The top American envoy made the announcement after a closed-door meeting with her Japanese counterpart Fumio Kishida, who was in Washington for a one-day trip.
On Abe's expected meeting with US President Barack Obama, Clinton said: "There will be a lot of work to do between now and then to ensure this high-level summit is extremely successful for both our governments and our nations."
The two diplomats also discussed the issue of the Diaoyu Islands, the collaboration in dealing with the Democratic People's Republic of Korea, and the negotiations on the Trans-Pacific Partnership.

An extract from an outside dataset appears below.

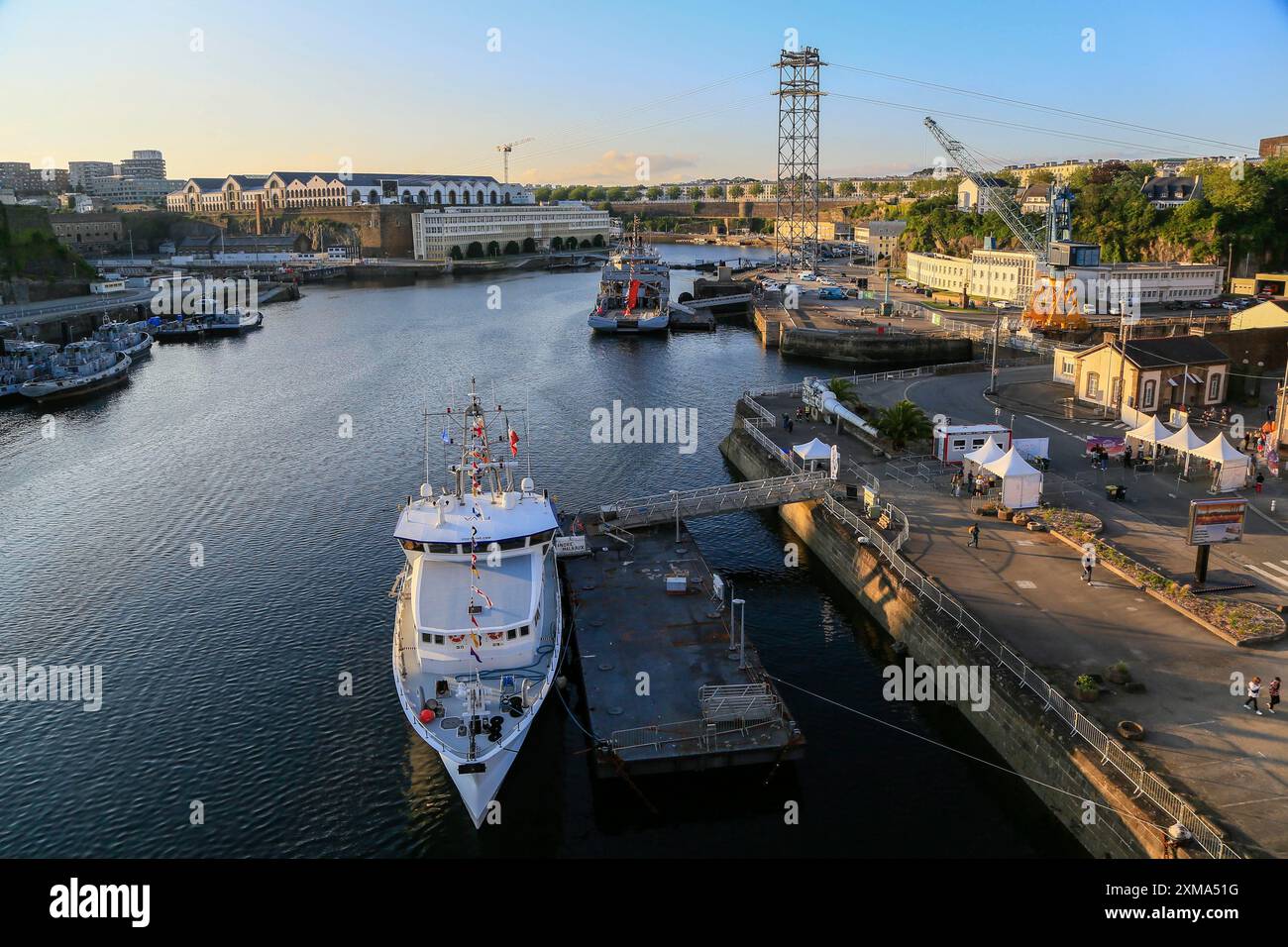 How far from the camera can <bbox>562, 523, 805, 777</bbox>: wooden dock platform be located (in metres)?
20.2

Regarding the issue of the Diaoyu Islands, Clinton reiterated that the United States does not take a position on the "ultimate sovereignty" of the islands, urging "all parties to take steps to prevent incidents and manage disagreements through peaceful means."
But she also said that Washington recognizes that the islands are under Japanese administration. Such US stance has been repeatedly criticized and opposed by the Chinese government.
Relations between China and Japan soured last year due to the Japanese government's provocations over the Diaoyu Islands, a group of islets in the East China Sea which belong to China.
At a daily press briefing on Friday, Chinese Foreign Ministry spokesman Hong Lei said that Japan's continued "negative acts on the Diaoyu Islands issue" have created tensions, running against the trend of solving disputes through talks.
"We hope the Japanese side can exercise sincerity with calmness, work for shared goals with China, and thus find ways to properly solve and manage problems through consultations," he said.